In your prayer appeal to Him ... for Jesus is the right sacrifice we cannot make for ourselves and He is the One who makes us righteous in His Righteousness. “[Jesus] is able to save to the uttermost those who draw near to God through Him, since He always lives to make intercession for them.”[2] [In loneliness, in distress, in danger, in peace, in joy, in happiness.] “For Christ [Jesus] has entered, not into holy places made with hands, which are copies of the true things, but into heaven itself, now to appear in the presence of God on our behalf.”[3]When you put your Trust in Jesus you can be sure that God the Father will hear you when you call.
David in the midst of trouble Trusts in God: and because of His Trust He knows that in peace he will both lie down and sleep; David prays with confidence in the face of trouble, “for you alone, O LORD, make me dwell in safety,” David says. Yet from looking at the account of David’s life from Scripture we would be hard pressed to say that his life was one of safety, and there were many nights when David went to sleep with a serious and eminent threat upon his head, nevertheless, this is how he prays, even in the midst of violence and hardship. The peace David found in God, and which He shows in the words of Psalm 4 reminds me of the words of Hymn 724 from our hymnal, verse 1) says “If God Himself be for me, I may a host defy; For when I pray, before me My foes, confounded fly. If Christ, my head and master, Befriend me from above, What foe or what disaster Can drive me from His love?” verse 8) “No danger, thirst, or hunger, No pain or poverty, no earthly tyrant’s anger Shall ever vanquish me. Though earth should break asunder, My fortress You shall be; No fire or sword or thunder Shall sever You from me.”[4]
Answer me when I call, O God of my righteousness!
You have given me relief when I was in distress.
Be gracious to me and hear my prayer!

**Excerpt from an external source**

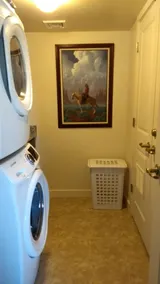 NEW!! Unique 3Bed 2 Bath Condo! Pool and hot tub!! - Image 5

Amen.
Let us pray: Lord have mercy on us, Christ have mercy on us, Lord have mercy on us, “take our minds and think through them, take our lips and speak through them, take our hearts and set them on fire; for the sake of our Lord and Saviour Jesus Christ, Amen.
____________________________________________________________________________
[1] Luther’s Works (American Edition) Volume 10. Pg 42-43.
[2] Hebrews 7:25
[3] Hebrews 9:24
[4] Lutheran Service Book, Hymn 724 “If God Himself Be For Me” verses 1, 8.